For buyers, the ability to obtain a basis step-up – and then claim immediate deductions under Code Sections 168(k) and 179 – can make an asset acquisition (or a deemed asset acquisition) significantly more valuable than a straight stock deal. That increased after-tax cash flow can support a higher bid, justify different pricing mechanics, or help offset other deal costs.

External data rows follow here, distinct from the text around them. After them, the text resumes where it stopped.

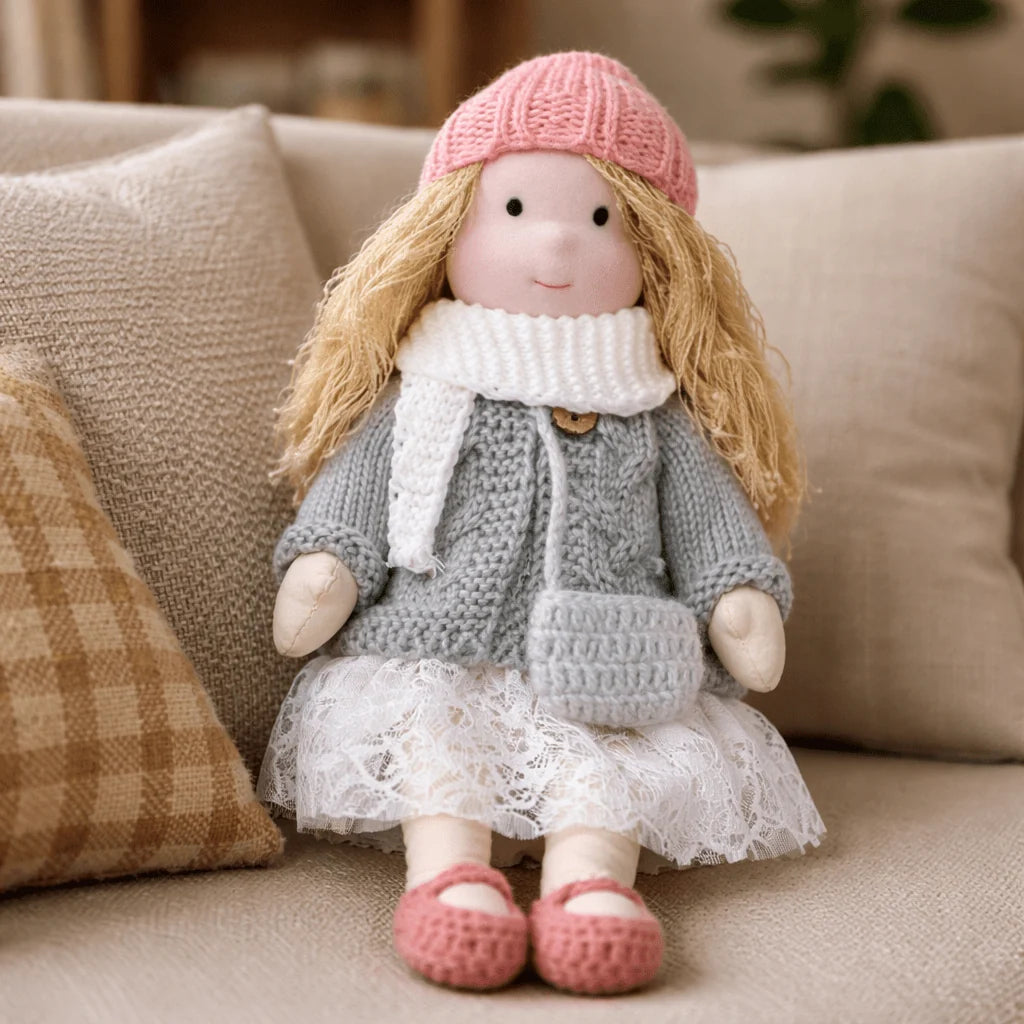 Waldorf Doll 100% Cotton Plush Body Handcrafted 11 Inch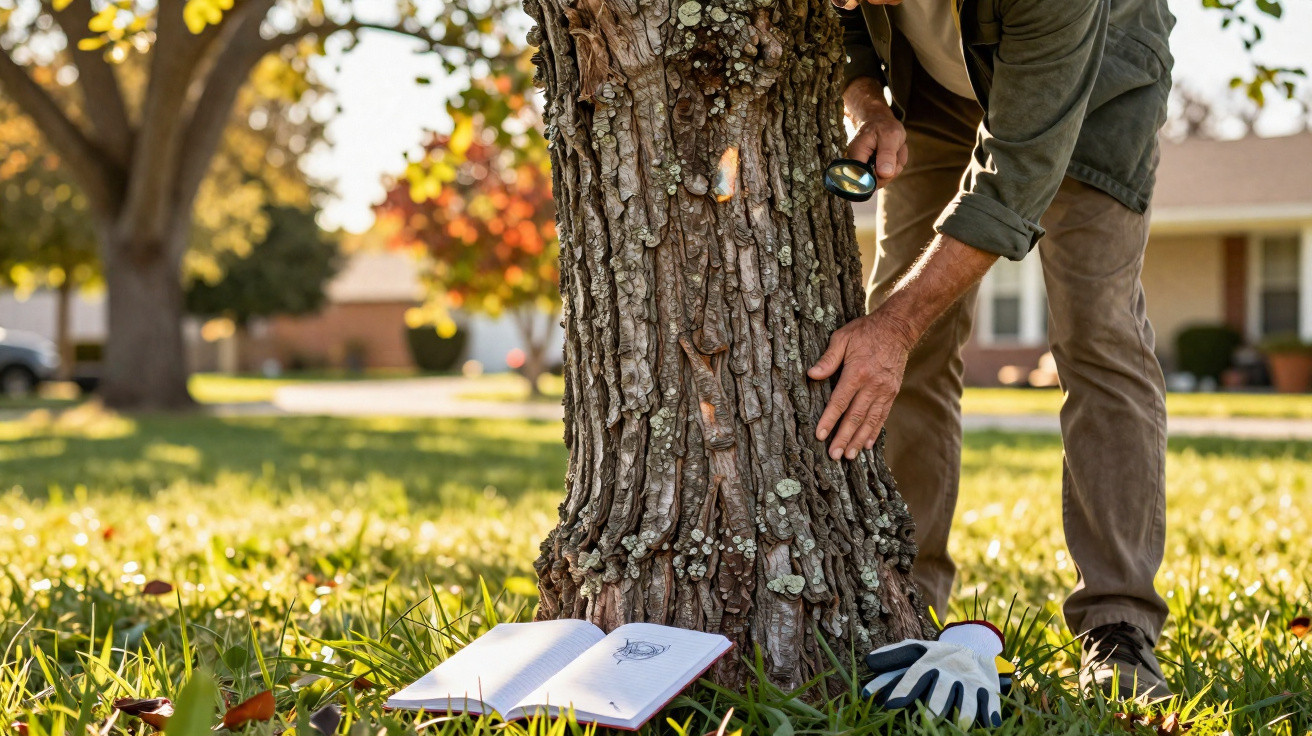 Person examining tree bark with a magnifying glass in a sunlit garden with an open notebook and gloves on the grass.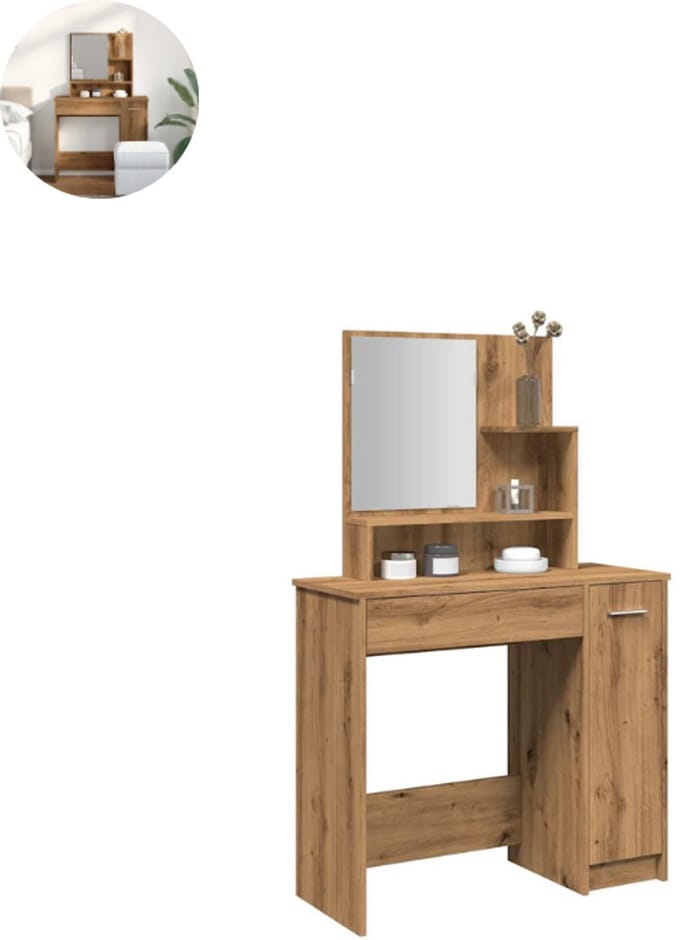 Kaptafel met spiegel - Make up tafel - Make up - Toilettafel - Met lades - Artisan Eiken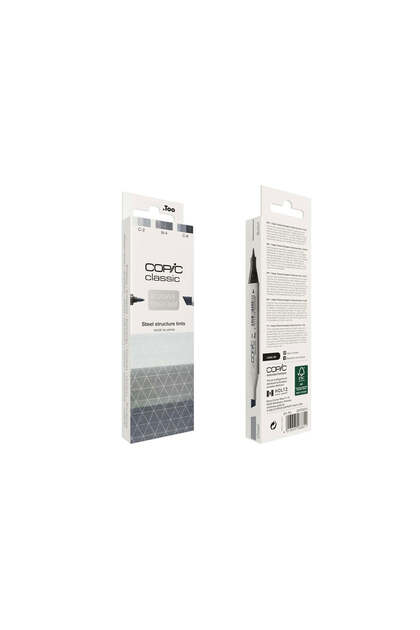 Clasic, Colecție Designer, Set 3 Markere Nuanțe Structură de Oțel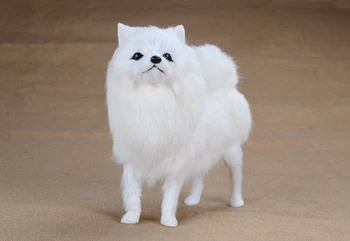 Simulare câine alb model ,21x20cm Pomeranian ,plastic&blanuri Pomeranian toy de artizanat, cadou de Crăciun w5716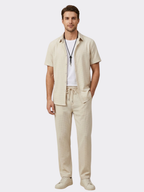 Men’s Waffle Textured Shirt & Straight-Leg Trouser Two-Piece Set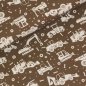 Preview: Baumwolljersey Baustellenfahrzeuge braun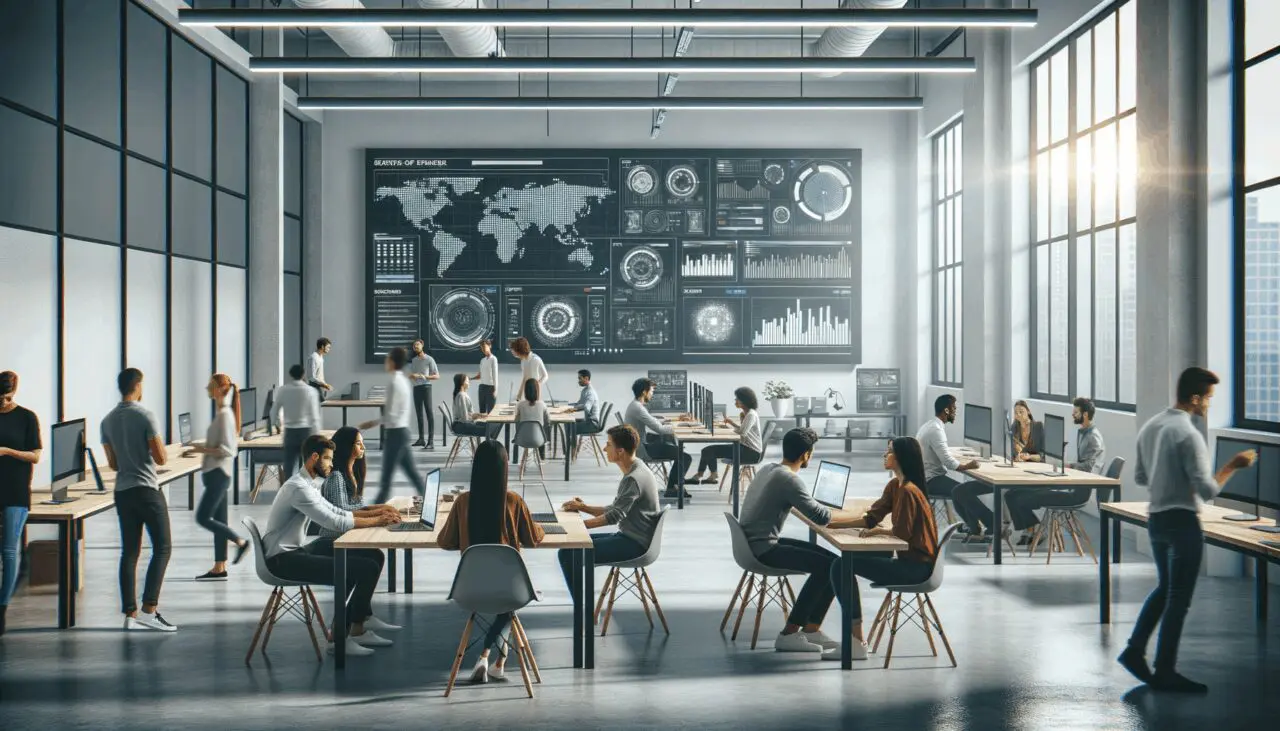 Interior moderno de un centro de innovación, mesas colaborativas, jóvenes emprendedores y pantallas con datos tecnológicos.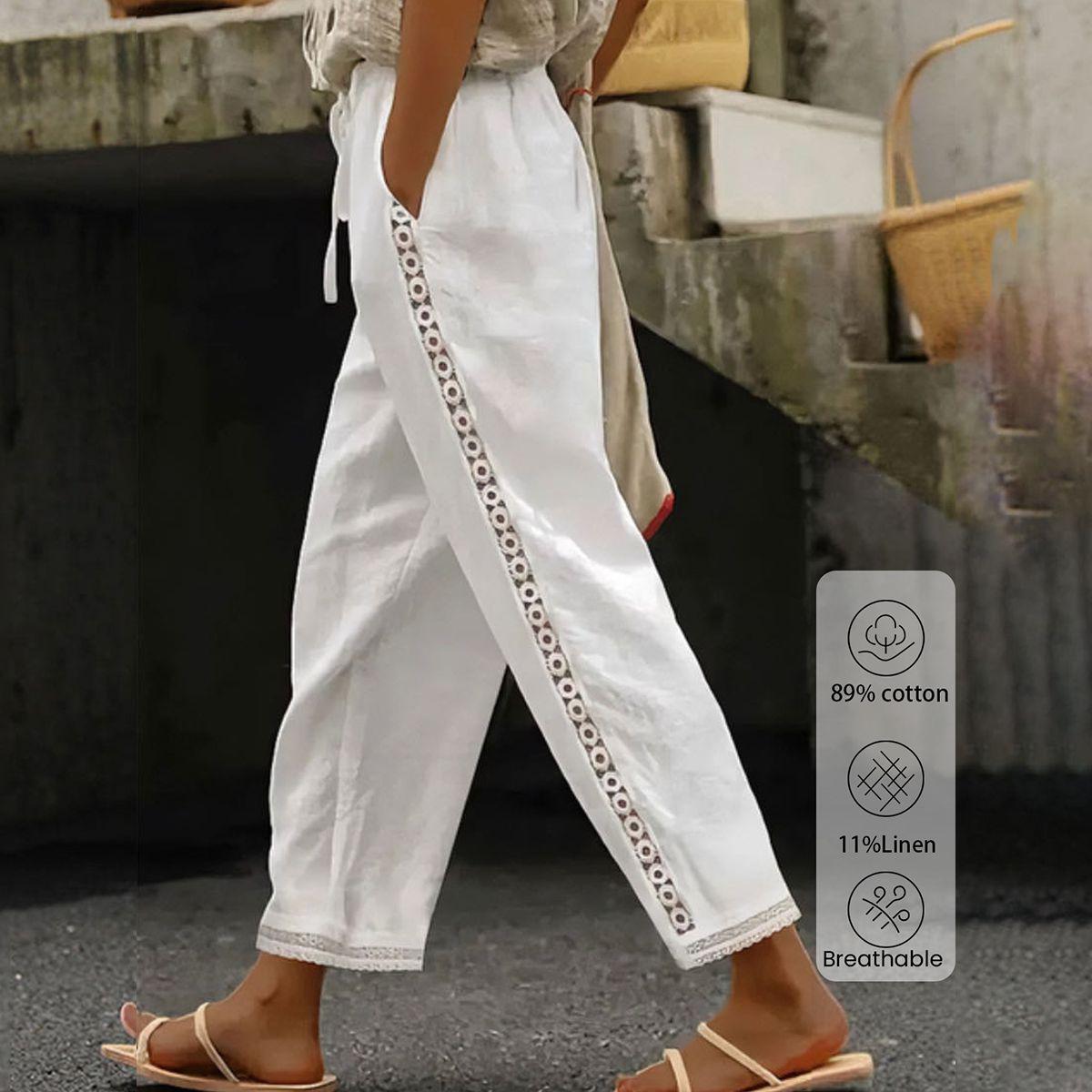 CD | Pantaloni boho albi cu cordon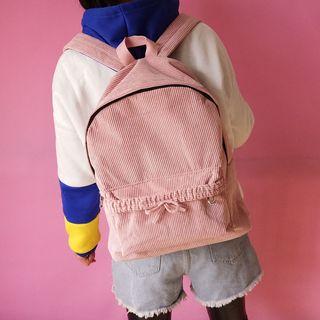 Bow-accent Corduroy Backpack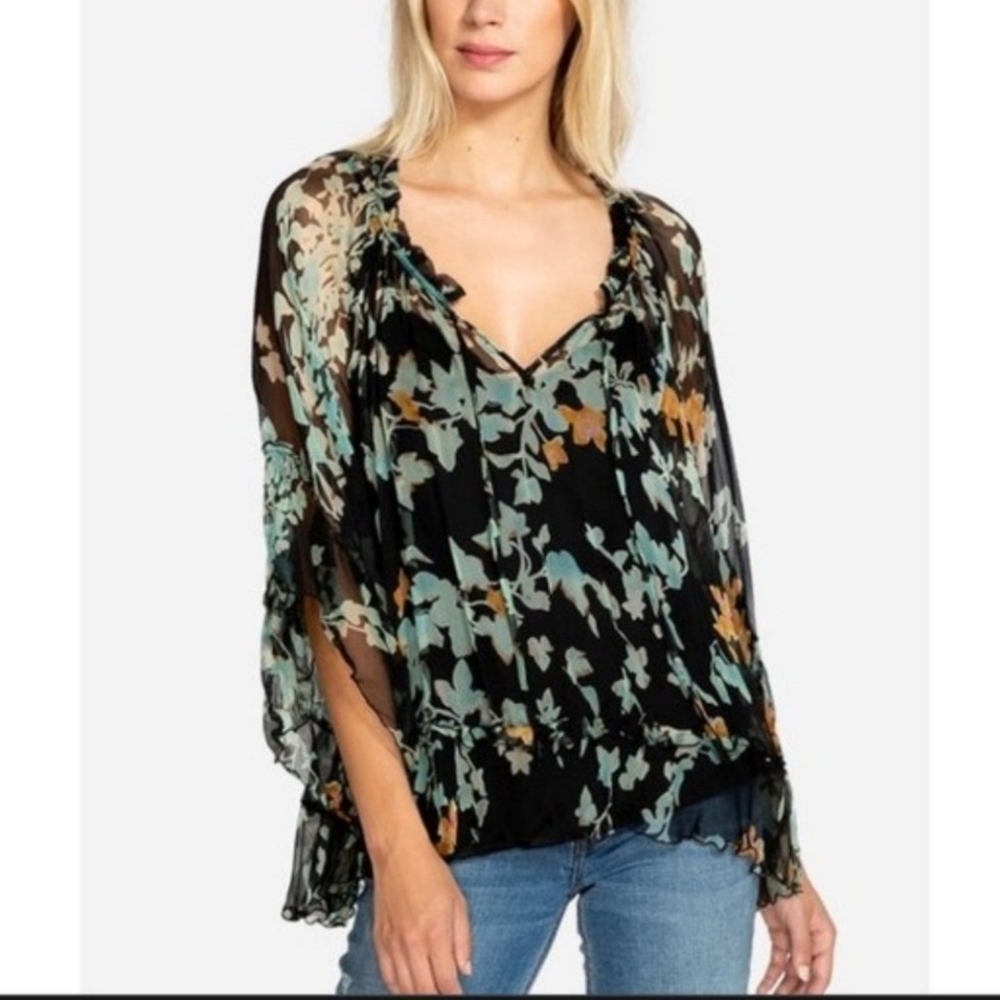 Love Johnny Was Lindsey Flared Top | 100% Silk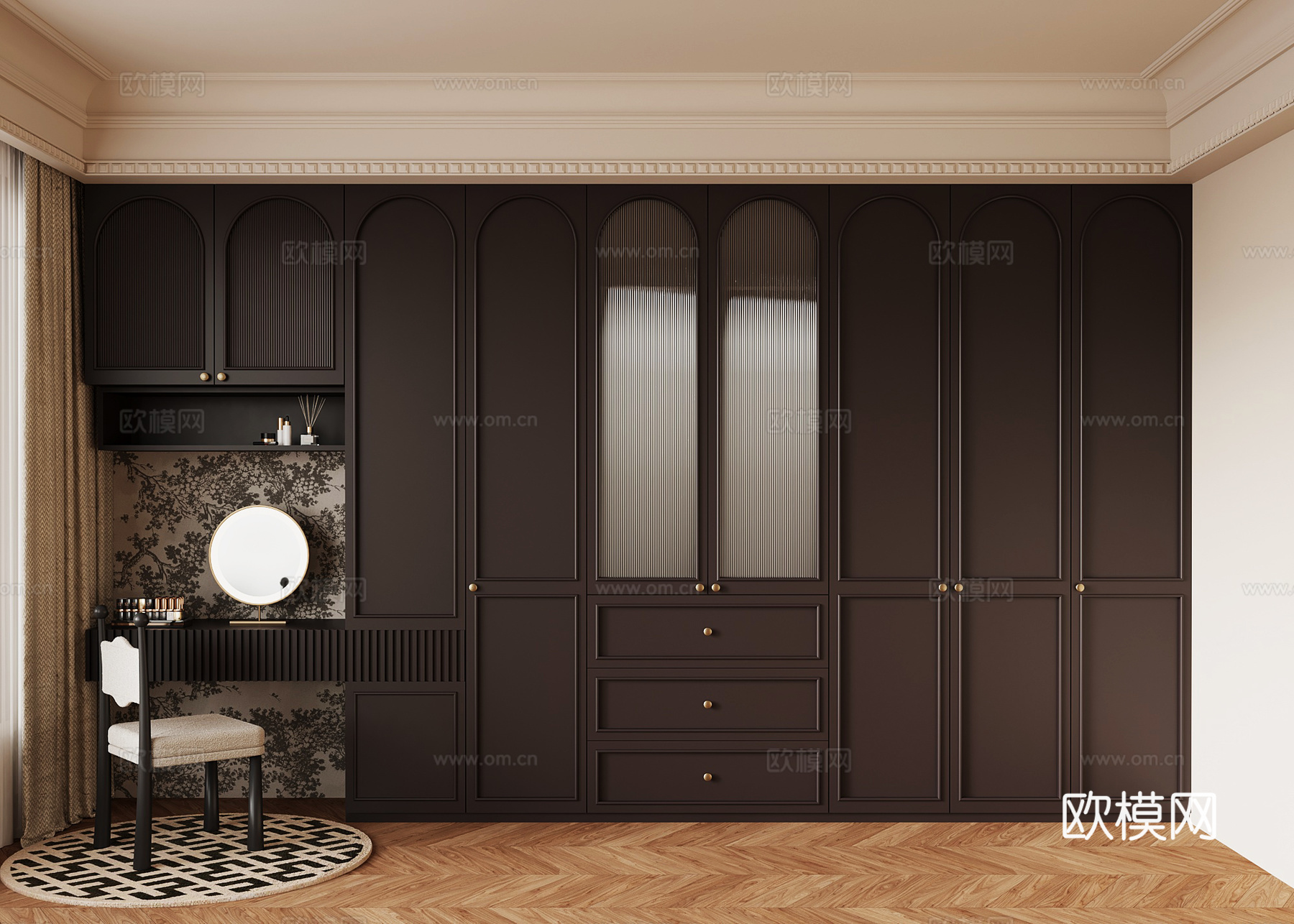 法式复古衣帽间su模型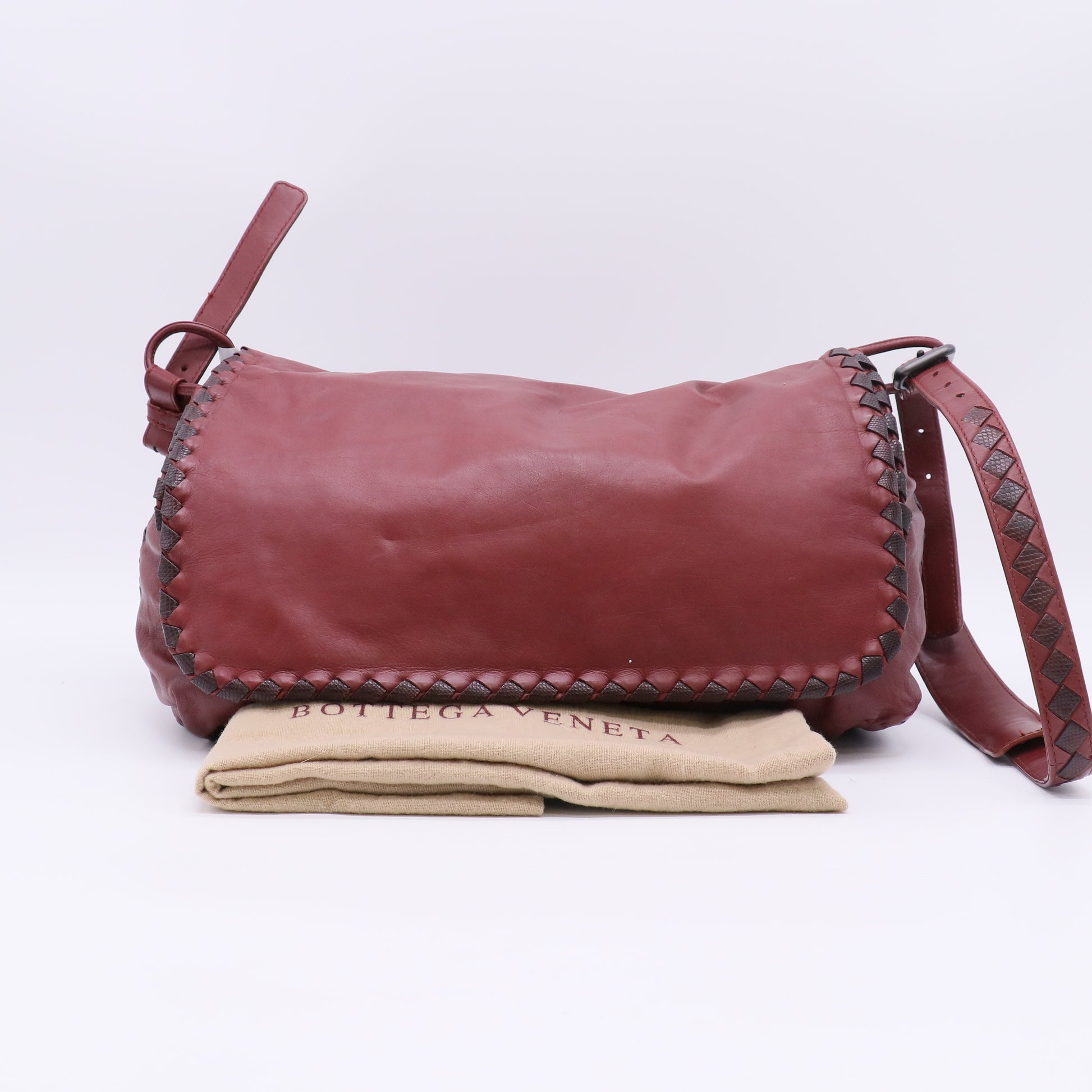 Bottega Veneta Leather Flap Shoulder Bag twins LDJ5112
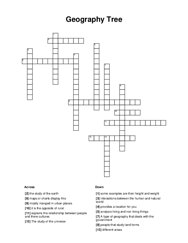 Geography Tree Crossword Puzzle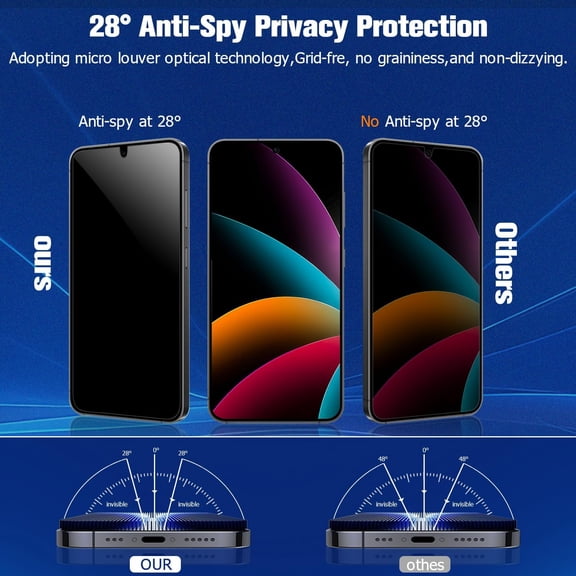 UYWGF-(2 Pack) Galaxy S23 Privacy Screen Protector Tempered Glass, 9H Hardness 2D Curved Full Coverage Bubble Free Support Fingerprint, for Samsung Galaxy S23 6.1 Inch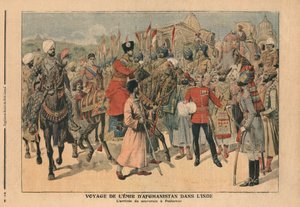 Habibullah Kahn (1872-1919) Emir von Afghanistan bei seiner Ankunft in Peshawar, Indien, Illustration aus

For sellers, this dynamic can create leverage in structuring negotiations. Even though sellers often prefer stock sales for tax and non-tax reasons, a buyer’s potential basis step-up (and related first-year deductions) can translate into real economic value that may be shared through purchase price, allocation positions, or other deal terms. Recognizing when and how Code Sections 168(k) and 179 change the buyer’s economics can help sellers evaluate whether an asset sale (or a deemed asset election) is “worth it” in exchange for improved overall deal consideration.